● GIVEN ENTRIES:
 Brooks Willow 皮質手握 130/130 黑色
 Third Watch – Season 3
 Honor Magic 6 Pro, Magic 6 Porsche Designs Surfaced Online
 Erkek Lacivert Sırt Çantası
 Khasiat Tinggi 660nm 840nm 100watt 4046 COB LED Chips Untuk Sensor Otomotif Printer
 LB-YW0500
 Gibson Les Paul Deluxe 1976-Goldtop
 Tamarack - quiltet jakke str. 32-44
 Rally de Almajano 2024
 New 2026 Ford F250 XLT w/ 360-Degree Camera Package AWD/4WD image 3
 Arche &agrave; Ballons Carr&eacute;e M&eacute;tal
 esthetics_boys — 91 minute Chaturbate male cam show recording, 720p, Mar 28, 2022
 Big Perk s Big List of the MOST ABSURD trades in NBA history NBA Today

● TASK GOAL: Restate each entry word for word.

● PROBLEM SOLUTION:
 Brooks Willow 皮質手握 130/130 黑色
 Third Watch – Season 3
 Honor Magic 6 Pro, Magic 6 Porsche Designs Surfaced Online
 Erkek Lacivert Sırt Çantası
 Khasiat Tinggi 660nm 840nm 100watt 4046 COB LED Chips Untuk Sensor Otomotif Printer
 LB-YW0500
 Gibson Les Paul Deluxe 1976-Goldtop
 Tamarack - quiltet jakke str. 32-44
 Rally de Almajano 2024
 New 2026 Ford F250 XLT w/ 360-Degree Camera Package AWD/4WD image 3
 Arche &agrave; Ballons Carr&eacute;e M&eacute;tal
 esthetics_boys — 91 minute Chaturbate male cam show recording, 720p, Mar 28, 2022
 Big Perk s Big List of the MOST ABSURD trades in NBA history NBA Today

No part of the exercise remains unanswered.